Customize the User and Players model (S1)

[davidcr01]

Description

Django provides a default User model: https://docs.djangoproject.com/en/4.1/ref/contrib/auth/.

But it is needed to adapt this User model to one that fits with the project. Some of the default fields are not necessary, but it is necessary to add a new field avatar to the User model.

Besides, it is necessary to create the Player model, defined in the Database analysis of the project.

Tasks

• [x] Create a custom User model and its serializer. (H1-3, H1-4)
• [x] Create Players model and its serializer (H1-1, H1-2, H1-5)
• [x] Add them to the admin site.
• [x] Insert some rows as a test.
• [x] Fetch the rows with an API call to test the save and retrieve action works.

Note: the H2-1, H2-2, and H2-3 are implemented in the User model and serializer, as they will be identified by the is_staff field.

Extra tasks

• [x] Securize the password.
• [x] The username field is read_only just while editing the information.

[davidcr01]

Update Report

Models

Models in Django represents the source of information about your data.
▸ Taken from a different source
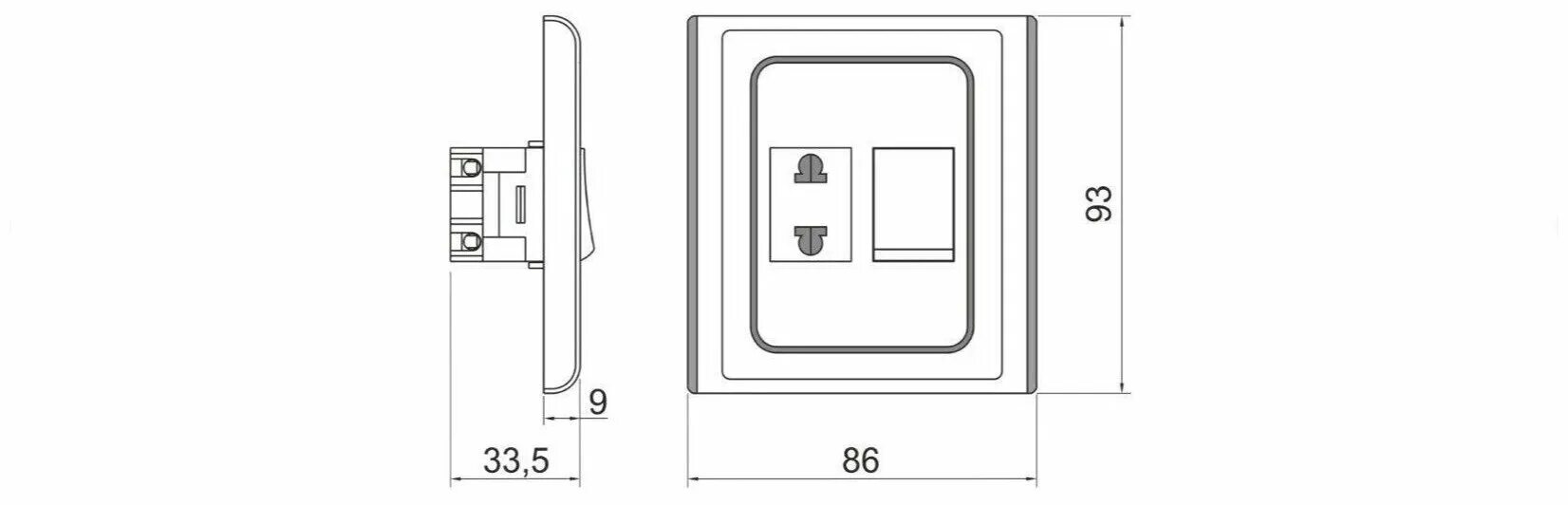 Gls выключатель мебельный схема подключения Выключатель мебельный врезной с розеткой для офиса, кухни, дома - Розетки, выклю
It contains the essential fields and behaviors of the data you’re storing. Generally, each model maps to a single database table. They are defined as classes, and their atributes are defined as they were variables, where the type and additional parameters are specified.

The User model looks like this:

class CustomUser(AbstractUser):
    avatar = models.ImageField(upload_to='avatars/', null=True, blank=True)
    last_login = models.DateTimeField(auto_now=True)
    date_joined = models.DateTimeField(auto_now_add=True)

It adds the avatar to the Django default user model and specifies that the last_login and date_joined will be automatically stored.

class Player(models.Model):
    user = models.OneToOneField(CustomUser, on_delete=models.CASCADE, related_name='player')
    wins = models.PositiveIntegerField(default=0)
    wins_pvp = models.PositiveIntegerField(default=0)
    wins_tournament = models.PositiveIntegerField(default=0)
    xp = models.PositiveIntegerField(default=0)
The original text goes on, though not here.